Facebook has tweaked its News Feed algorithm again to highlight the articles that users are most likely to read or watch on the basis of time spent on posts.
Facebook is at it again, changing the way its News Feed highlights links to those sites that it feels users are more likely to be spending their time at.
The current effort is part of what Facebook prefers to call as ‘Feed Quality Program.’ It forms part of a continuous endeavour on the part of Facebook to improve the News Feed experience of each of its users and is based on the feedback it received from the several thousand of its users who are asked every day if they are satisfied with the stuff that is depicted in their News Feed.
Based on these surveys, the one thing that hit Facebook the most is that user’s actions on the social media site which include liking, sharing, or commenting on a post do not make up the entire picture of what ultimately is most meaningful to them.
An example that Facebook cited is that a user may not eventually react to an article or a video which again could be a serious issue or a sad news, but that does not mean the user is not interested in having such news items on their News Feed.
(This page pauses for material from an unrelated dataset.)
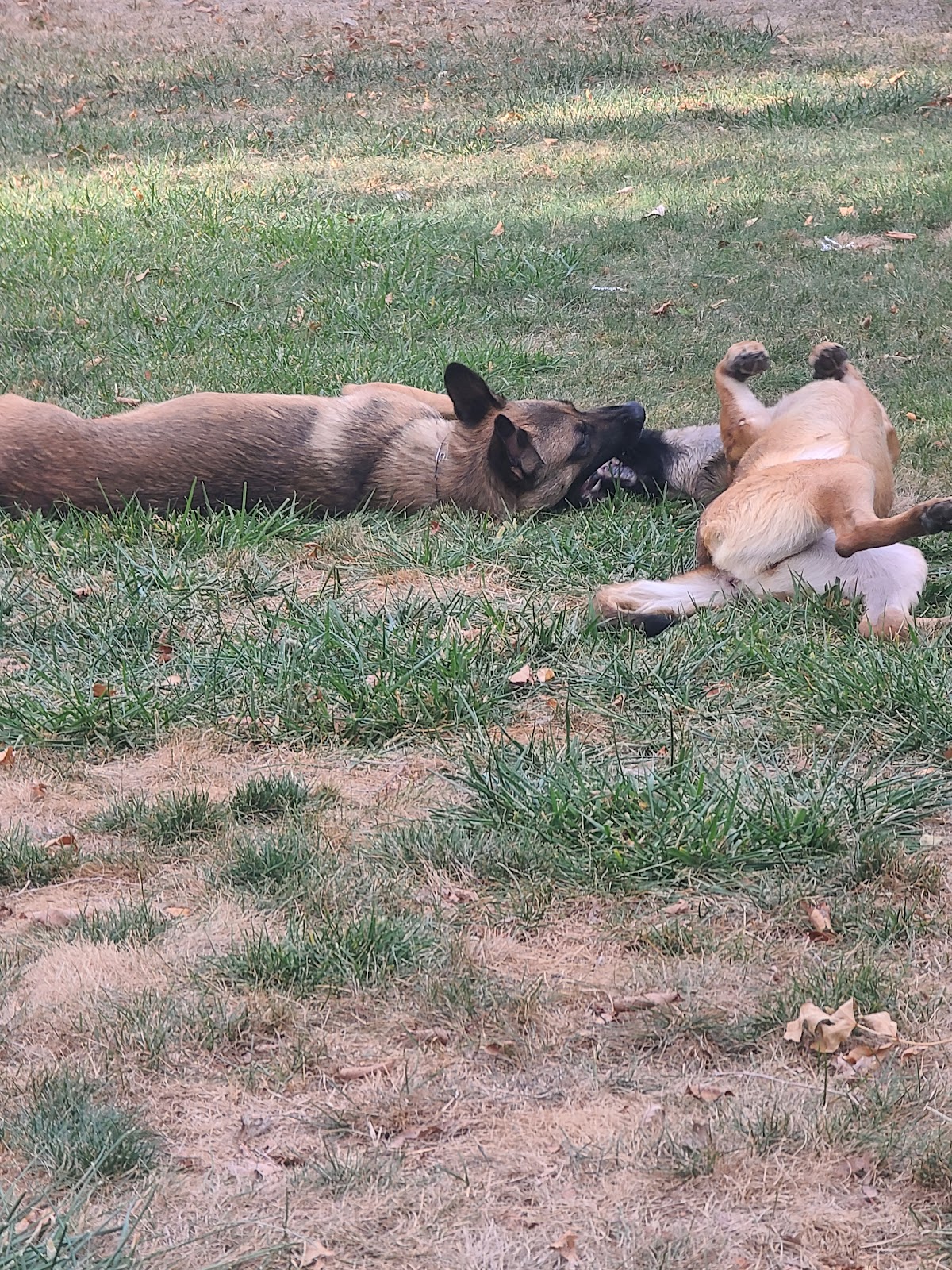 Scoop and Go Pros - Photo 4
Another aspect that Facebook will be factoring in strongly towards devising what can be considered the perfect News Feed for the particular user is the time the user actually spends in reading or watching a content they have clicked upon. The time counted is equally applicable to Instant Articles or any article loaded via the Facebook mobile browser but excludes the load times in both cases.
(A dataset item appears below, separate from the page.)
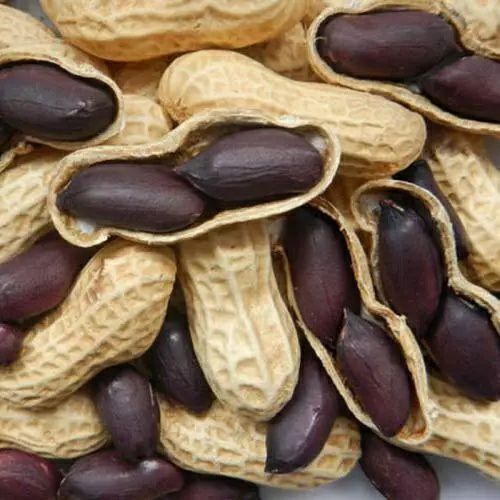 山東現(xiàn)摘新貨堅果農(nóng)家黑花生帶殼黑皮紫皮生花生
Another viewing trait of the user that Facebook said they have noticed is that users prefer to read articles from different publishers. However, while Facebook will be glad to serve its users articles from various sources, it will also be wary about not overwhelming the user with just too many repetitive articles dealing with the same topic even if they are from different publishers.
Focus will also be focussing on the author whose posts are liked or read the most, how users tend to reach to the particular author’s post vis-a-vis the topic of the post and so on. How recent the article is will also determine how likely it is to end up on a user’s News Feed.
With these changes, Facebook is pretty much confident of having more of such articles in the News Feed that users actually care about though of course, the entire thing forms a continuous learning experience, which means newer algorithms will continue to evolve to replace existing ones and so on.